Essentially, you want to play with the demands placed on the hips and positioning of the feet to “find the sweet spot” for the knees. In addition to the general factors listed above (ROM, POM, Load, Speed), there are three things I like to address with athletes battling knee pain:
I.) Torso and shin angles should be mirrored
Trunk inclination itself is a highly influential factor for knee stress/demand. Increasing the amount of trunk flexion during squatting primarily does two things for the athlete, first, creates a shorter moment arm thus {theoretically} reducing the amount of torque experienced at the knee. And secondly, it places less demand on the rectus femoris as a knee extensor because it is working more in hip/trunk flexion.
When I say “mirror the trunk and shin angles” what I believe this does is creates more appropriate alignment (i.e., keeping center of mass atop midfoot center of pressure) for the athlete as they move through their pattern. As a result, forces are more appropriately distrusted between muscles crossing both the hip and the knee joints. In addition, this seems to indirectly help with improving kinetic sequencing, as the movement pattern is more fluent throughout. For healthy athletes, I like to have a knee over toe pattern with slight trunk flexion. This obviously isn’t cut and dry, as a number of variables are at play, but in most cases I find that to be optimal.
For athletes affected by injury, I will either have them exaggerate the knee over toe + trunk flexion pattern or have them keep a perfectly vertical shin with an upright torso. Generally speaking, pain above knee = knee over toe, pain below knee = more upright and vertical shin.
II.) Foot position/stability
Honestly, this could be a full article in itself but in an effort to keep this short and sweet, let’s look at the big picture. A reduction or insufficient foot stability will primarily affect the knee by increasing the presence of varus/valgus stress (recall- excess varus/valgus = bad for ligaments and cartilage). When we see athletes with poor pronation-supination control in the foot, there’s an accompanying shift in the amount of internal/external rotation placed on the tibia. The outcome being the knee is now exposed to shearing stress as it becomes more responsible to accommodate medio-lateral forces. This, over time, can create damaging consequences.
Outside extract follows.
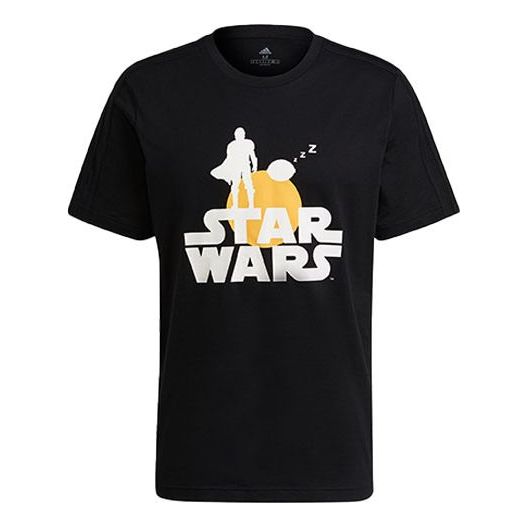 تيشيرت أديداس x ستار وورز كروس أوفر M Str Wrs Mnd T مطبوع عليه Star War Subject برقبة دائرية وأكمام قصيرة أسود GS6224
Along with providing a firm base of stability, the foot is also a major component to the proprioceptive system. When proprioception is compromised the body essentially has a reduced ability to detect and process environmental conditions, and with that comes a reduction in muscular firing rate, capacity and stretch. Collectively, when proprioceptors underperform, muscles (and thus, ligaments/tendons) are forced to endure more undue stress, making the joint more vulnerable to injury. Improving foot proprioception is a strong variable in solving the knee pain conundrum. If we can improve the proprioception of the foot, the muscles of the lower leg are more adept to fire and help stabilize the knee.
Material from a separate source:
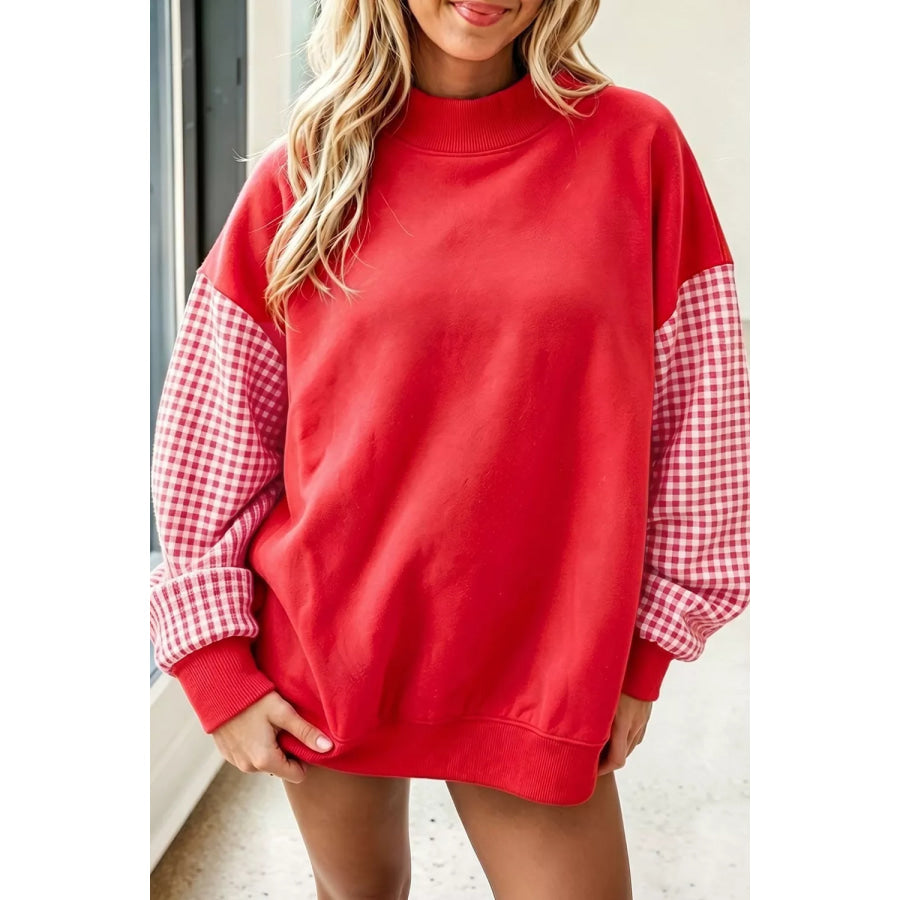 Gingham Contrast Sleeve Crew Neck Sweatshirt Red / S Apparel and Accessories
III.) Where the load is placed
If you’re not too familiar with how influential lever systems are with regard to human movement, I recommend you start here- Squat Levers. I will say lever systems can be a little difficult to fully grasp for young coaches but if you don’t know anything else, please know that they matter, greatly. For instance, a quick fix for minor “nagging” knee pain is to simply adjust where the athlete places the load.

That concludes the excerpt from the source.